With the pictures left out, retype exactly the lines below starting at the line that contains "Jacken (79616152-XL) schwarz" and ending at the line that contains "Wooden Stacking Pisa".

▶ _Records for the exercise_:
+ + +
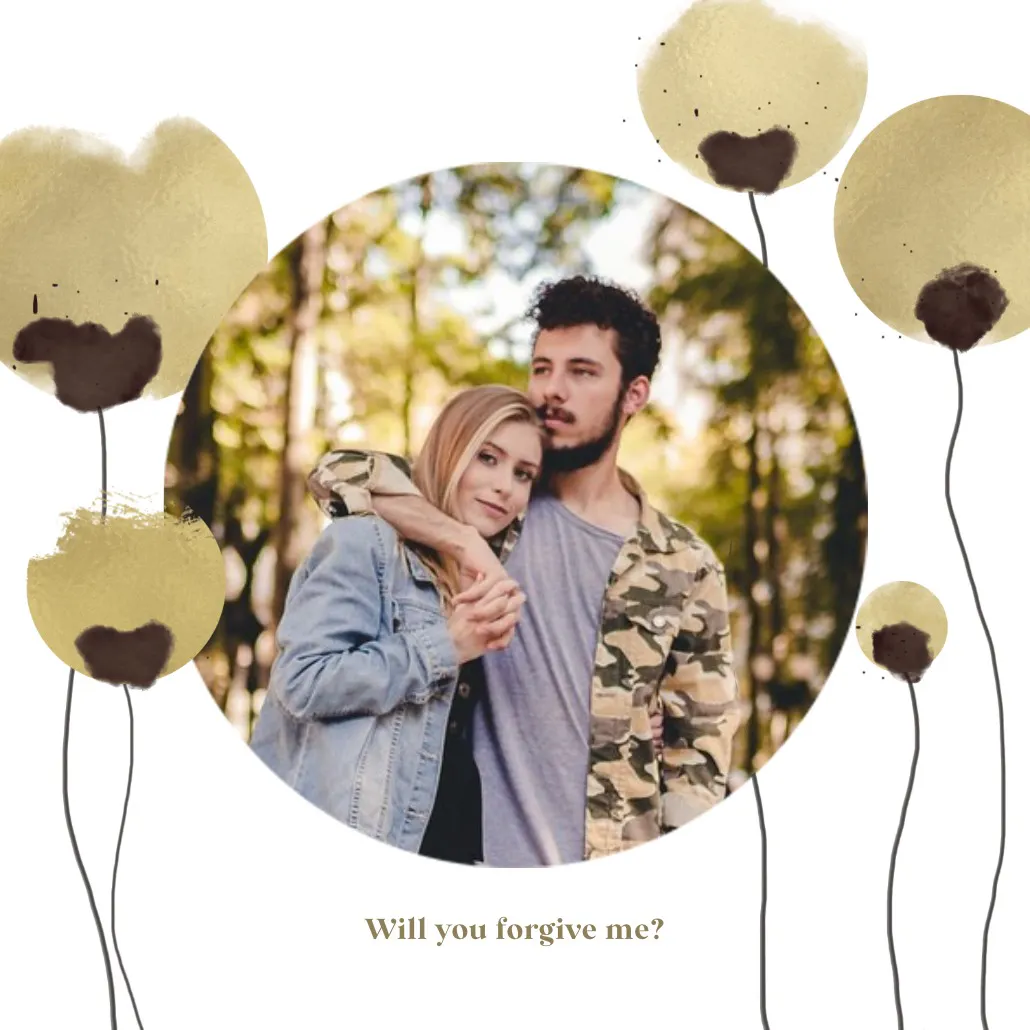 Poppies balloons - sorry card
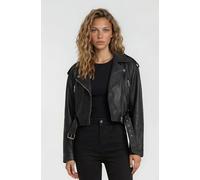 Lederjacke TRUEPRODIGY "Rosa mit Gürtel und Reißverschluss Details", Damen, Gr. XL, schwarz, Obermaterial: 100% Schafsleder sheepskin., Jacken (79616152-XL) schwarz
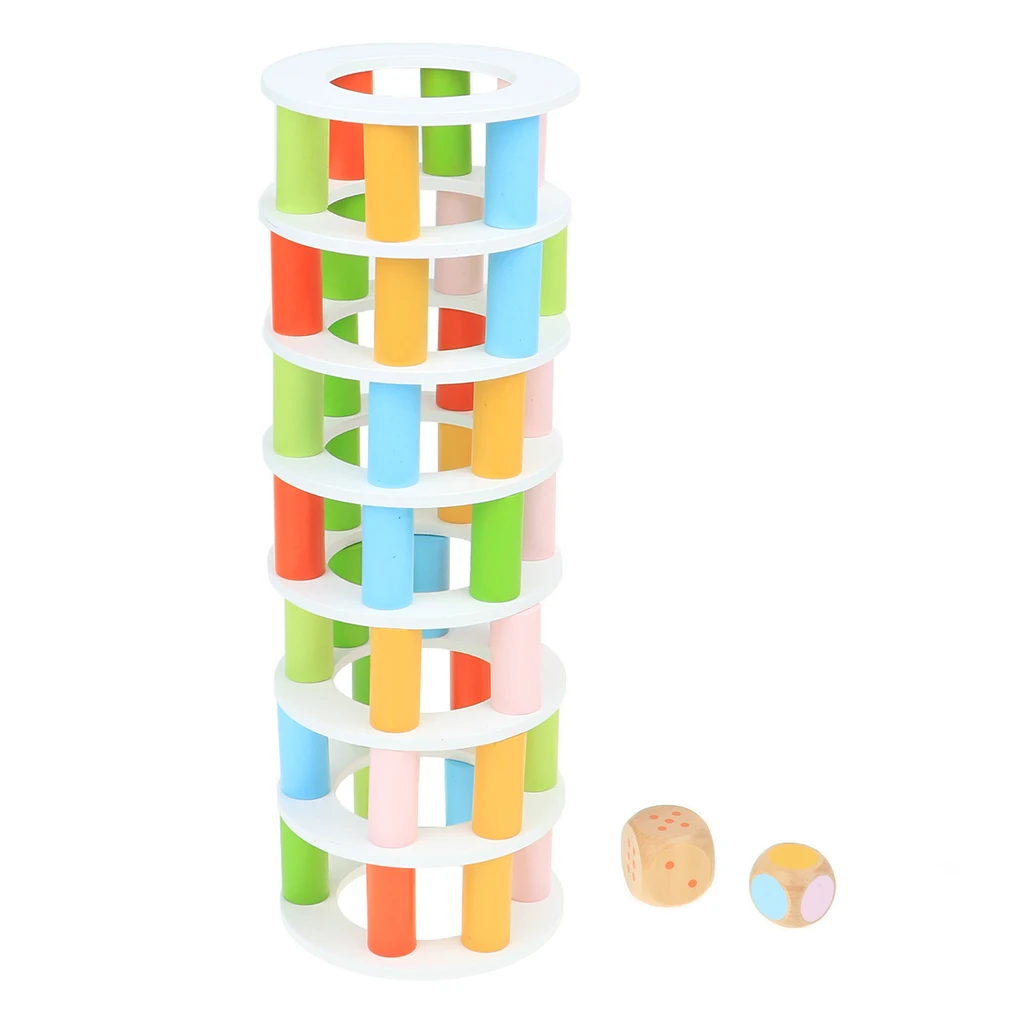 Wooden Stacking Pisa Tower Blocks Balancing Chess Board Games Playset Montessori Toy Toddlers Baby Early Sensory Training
+ + +
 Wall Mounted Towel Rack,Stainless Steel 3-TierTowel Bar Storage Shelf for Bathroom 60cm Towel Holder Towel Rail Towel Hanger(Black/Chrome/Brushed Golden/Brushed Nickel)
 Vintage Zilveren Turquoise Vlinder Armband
+ + +
▶ _Solution to this exercise_:
 Lederjacke TRUEPRODIGY "Rosa mit Gürtel und Reißverschluss Details", Damen, Gr. XL, schwarz, Obermaterial: 100% Schafsleder sheepskin., Jacken (79616152-XL) schwarz
 Wooden Stacking Pisa Tower Blocks Balancing Chess Board Games Playset Montessori Toy Toddlers Baby Early Sensory Training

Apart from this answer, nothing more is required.